Scott Sampson, PhD, is a dinosaur paleontologist, science communicator, and passionate advocate for connecting people with nature. He currently serves as vice president of research and collections and chief curator at the Denver Museum of Nature & Science, where much of his work focuses on rethinking 21st-century cities as places where people and nature thrive. He is perhaps best known as “Dr. Scott,” host and science advisor of the Emmy-nominated PBS KIDS series Dinosaur Train, which airs in more than 100 countries.
You’re a dinosaur paleontologist. What got you interested in the subject of the effects of time in the natural world on kids?
At the age of four I decided I wanted to be a dinosaur paleontologist and I just never grew up. I was a ten-year faculty member at the University of Utah, but it occurred to me that we were at a pivotal moment of history where the decisions we make will impact everything for thousands and tens of thousands of years. So I left a tenured job for no job and wanted to concentrate more on scientific communications.
I consulted with museums and did public speaking around the country. And then an opportunity came up to be the vice president of research and collections at the Denver Museum of Nature & Science. They said, “We’ll give you a chance to walk the talk.”
What drives you?
The question that drives me today and keeps me up at night really is this: What is society’s biggest issue? If you go and ask a hundred scientists right now you’ll get answers like climate change and global warming, but I say it’s the disconnect between humans and nature. You aren’t going to be able to solve those other issues without a connection to the natural world.
You could say who cares. We’re more of a technological world — but all these health conditions (obesity, diabetes, etc.) are dramatically increasing and afflicting people lower in age. Add to that the ecological challenges we have.
So what’s the answer? How do we reconnect people with nature?
How do we re-envision and remake cities as places where nature and people thrive? The only way that happens is if people engage with nature. We have to increase access to nature and the level of engagement through after-school programs and place-based education.
Every city in this country has dozens of organizations actively working in some part of this and have some level of success, but we’re still not moving the needle at the city scale. I would argue that just adding organizations is a failed experiment. The only way to build up the scale is through collaboration.
We’re talking about Denver possibly becoming a model for other cities.
You wrote a booked called How to Raise a Wild Child. Can you explain the premise?
The premise is that the only way kids are going to connect with nature is if we take kids out in nature ourselves.
There are two things kids need to make a connection: abundant time outdoors and a mentor (adult or older mentor) to share in the journey.

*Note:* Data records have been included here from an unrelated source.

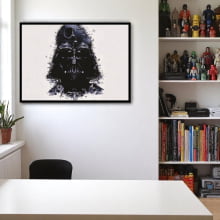 Darth Vader - Poster com Moldura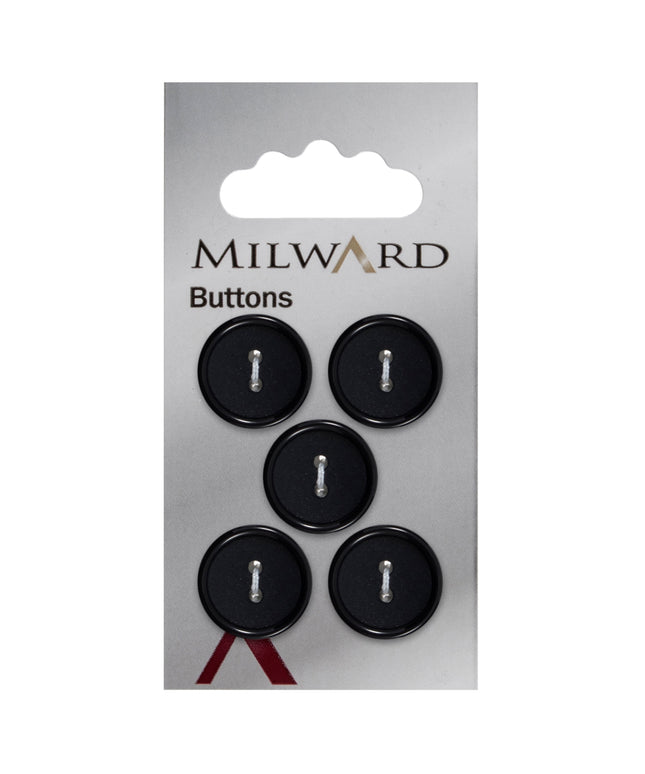 Buttons: Carded: 16mm: Pack of 5: Code B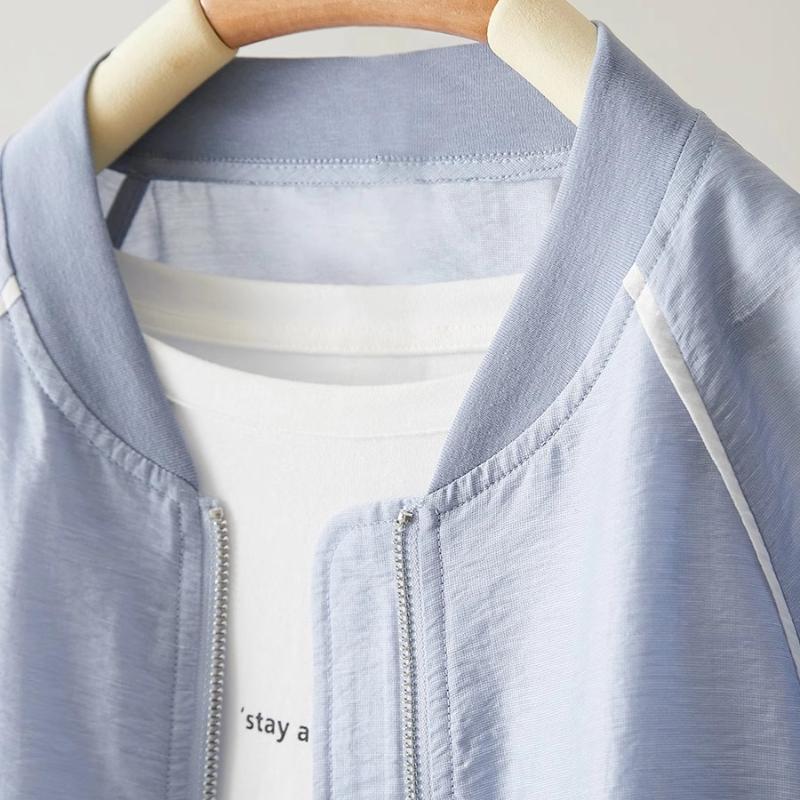 Women  Summer    Sunscreen Clothes Short Coat Baseball Jacket Western Style  Top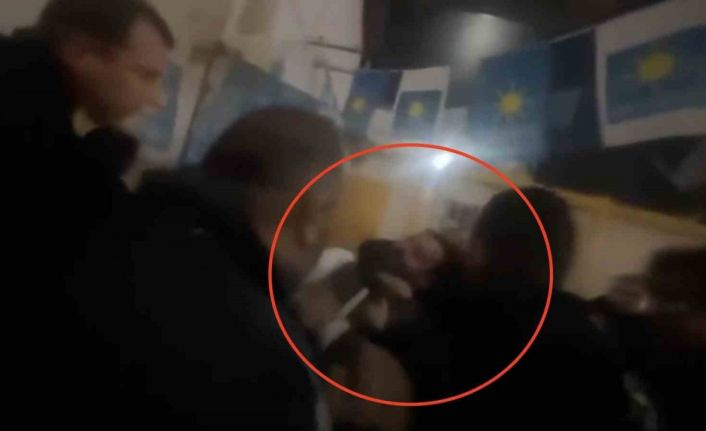 İYİ Parti Genel Başkanı Dervişoğlu’nun korumalarından basın mensuplarına sert müdahaleye tepki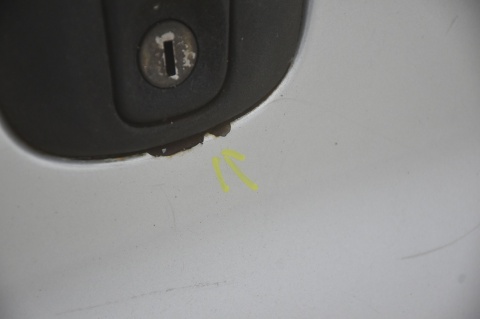 DRZWI TYLNE TYŁ LEWE RENAULT TRAFIC II OPEL VIVARO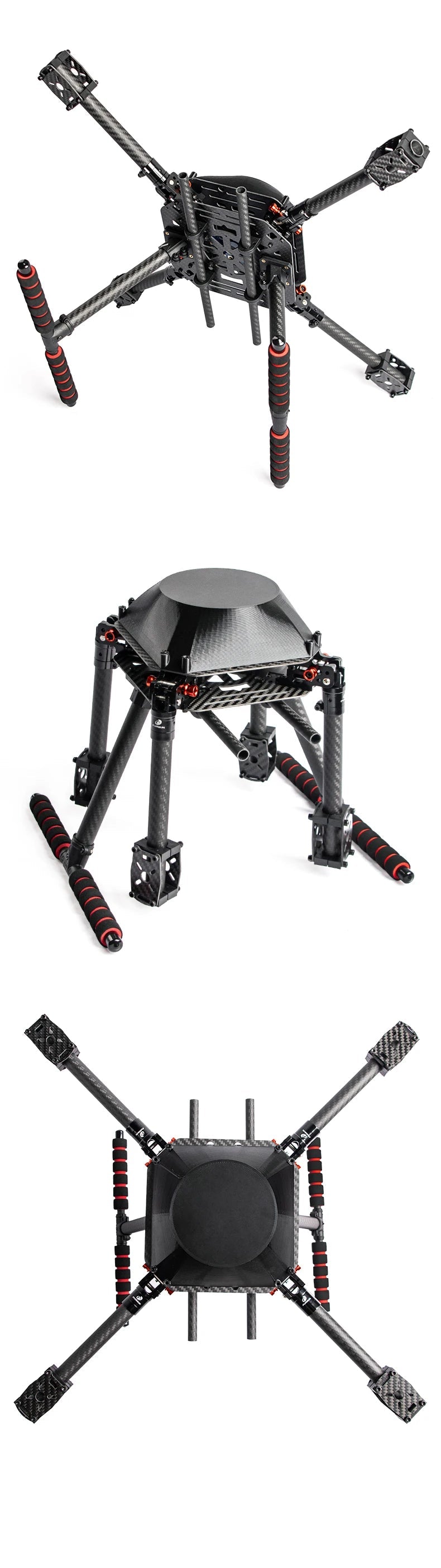 LX450 450mm full Carbon fiber Quadcopter Frame Umbrella shaped folding FPV Quad with Carbon Fiber Landing Skid F450 drone frame Ai-TechWorld 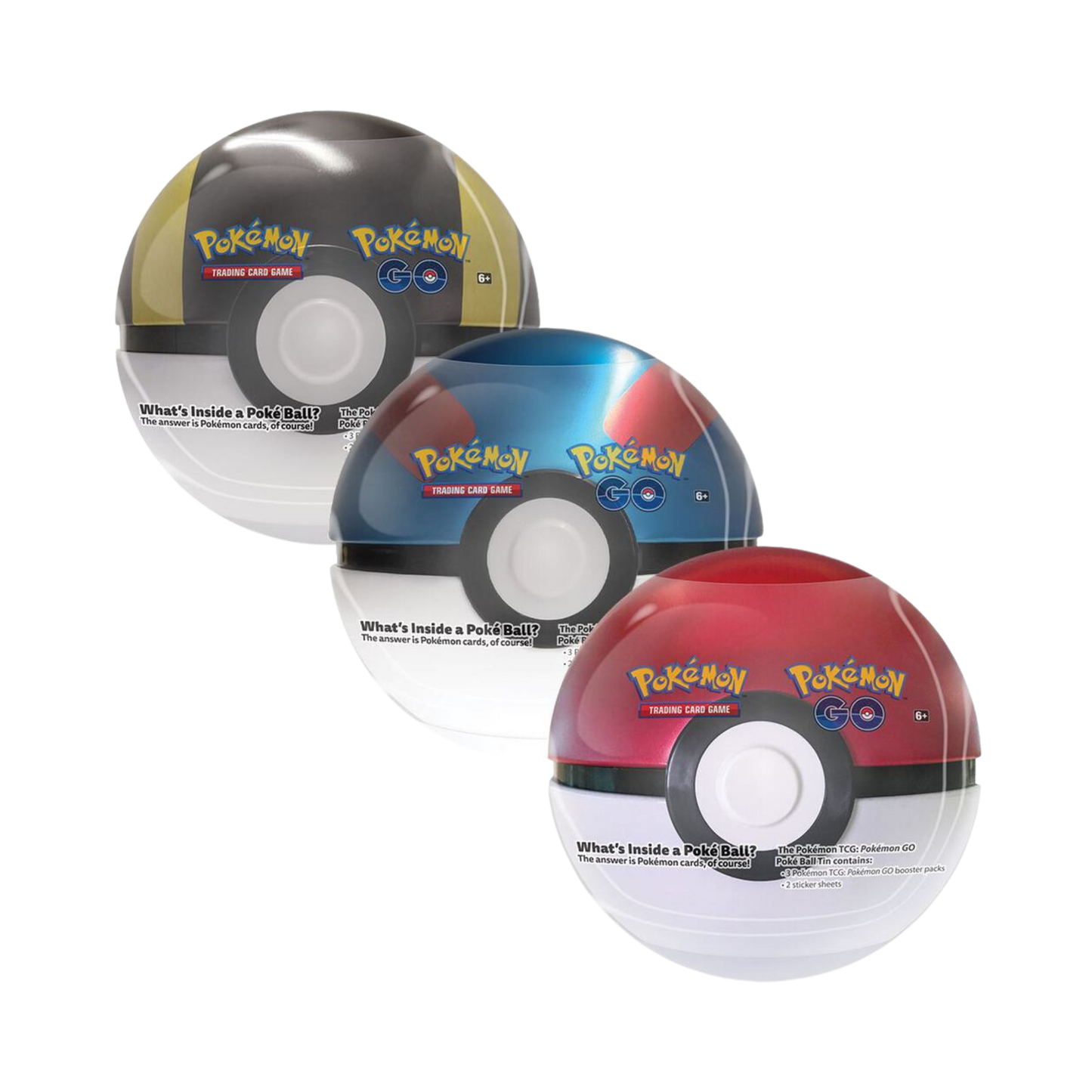 Pokémon GO Poké Ball Tin [3-Tin Bundle]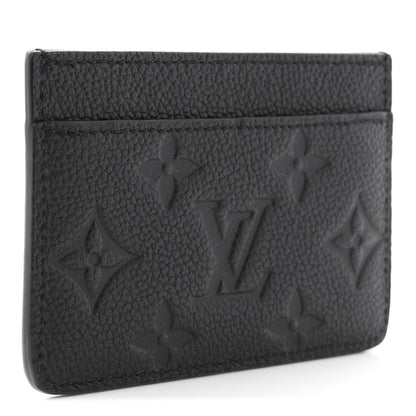 Louis Vuitton Empreinte Card Holder Black 3 of 7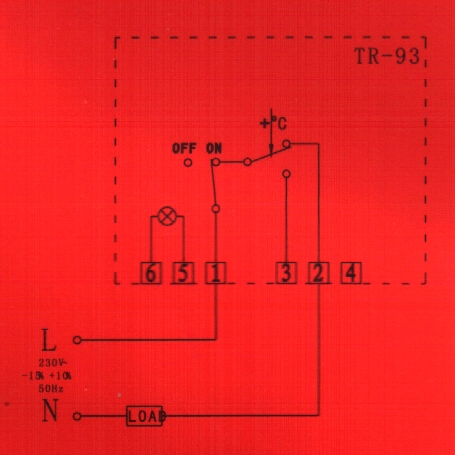 Room Thermostat (TR-93) Temperature Control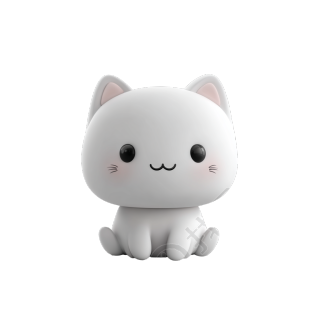 3D猫咪卡通素材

It was written as a how-to book for adults to help the children in their lives form a deep connection with nature. It takes a growth-based approach — early childhood to middle adolescence to young adults.
Brains at those ages respond differently.
It also covers how to fold in technology. We need to balance nature and technology
Can you talk a little bit about some of the science behind the need for a human-nature connection?
It turns out to be critical for our physical, mental, and emotional development.
Kids who engage in regular outdoor play have better motor skills and are better able to navigate the world safely with that experience.
Intellectually, kids are more creative. They will play longer in a natural playground as opposed to a metal one because they’re using their creativity. A stick can be a light saber, a writing instrument, etc. They’re actually problem-solving a lot — they’re better understanding the world through play. It’s essential to kid brains.
Emotionally, play in natural spaces reduces bullying. Kids tend to be more social with each other; they tend to play longer and are more engaged. Kids who don’t get nature play are impoverished relative to kids who do.
The impact it has on the trajectory of kids’ lives — it actually causes their brains to grow differently. They’re able to use the world as a place to go and relax. They’re better able to navigate risk when they get older.
The Japanese have found that if they send people out to the forest, it has tremendous recuperative effects. Kids’ lives are pretty stressful these days. Having the ability for them to chill out and relax can be really important to their lives as well. If you want to reduce your stress level, one of the best things you can do is go outside and walk around. Scientists have measured cortisol (also known as the “stress hormone”) levels in the hair and found there is less in those who play in nature.
Your view of nature seems to go beyond what many of us envision at the mention of the word. Can you talk a little bit about that?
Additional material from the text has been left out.